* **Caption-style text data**
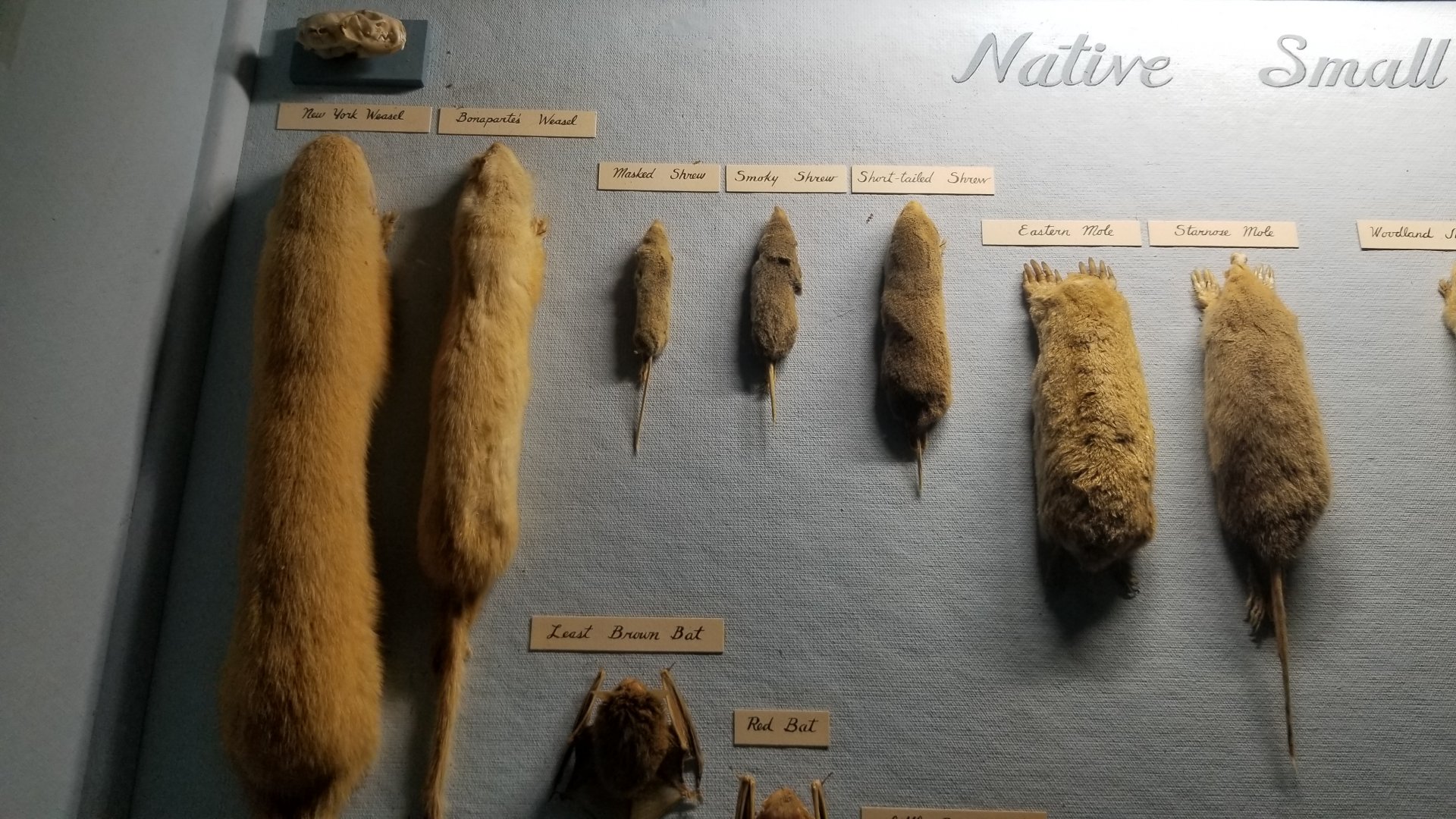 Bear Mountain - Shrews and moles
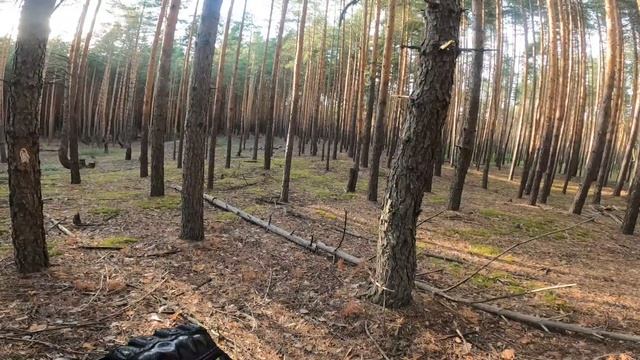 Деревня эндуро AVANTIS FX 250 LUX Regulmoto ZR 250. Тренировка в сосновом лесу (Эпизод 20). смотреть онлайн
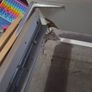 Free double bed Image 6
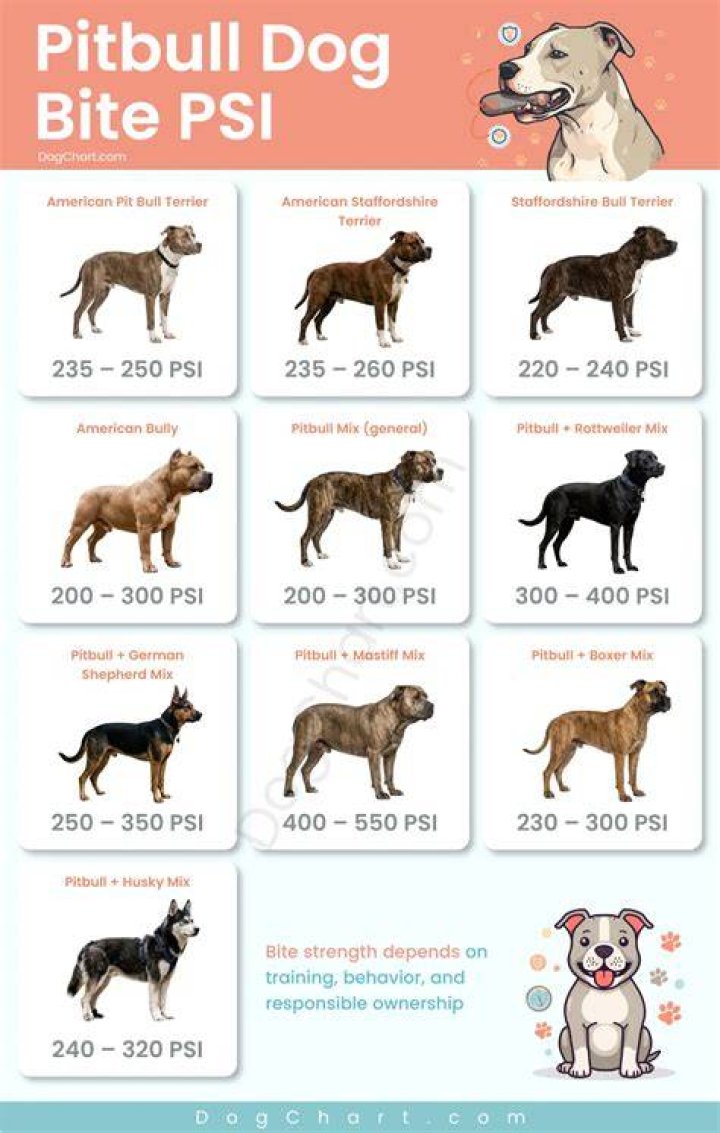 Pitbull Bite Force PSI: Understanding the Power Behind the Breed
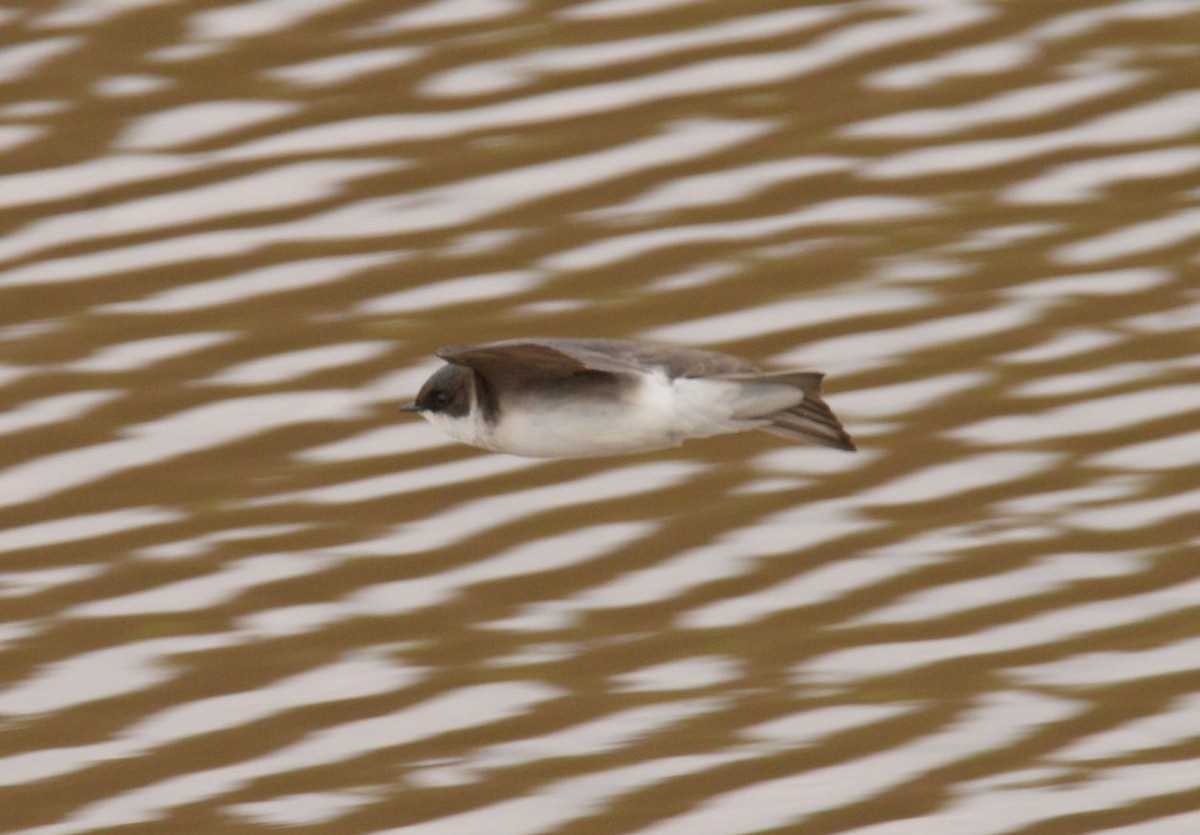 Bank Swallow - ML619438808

* **ACTION ITEM**
Output exactly the lines from the line with "Free double bed Image 6" to the last line of the records, including both, and leave every picture out.

* **EXERCISE OUTPUT**
 Free double bed Image 6
 Pitbull Bite Force PSI: Understanding the Power Behind the Breed
 Bank Swallow - ML619438808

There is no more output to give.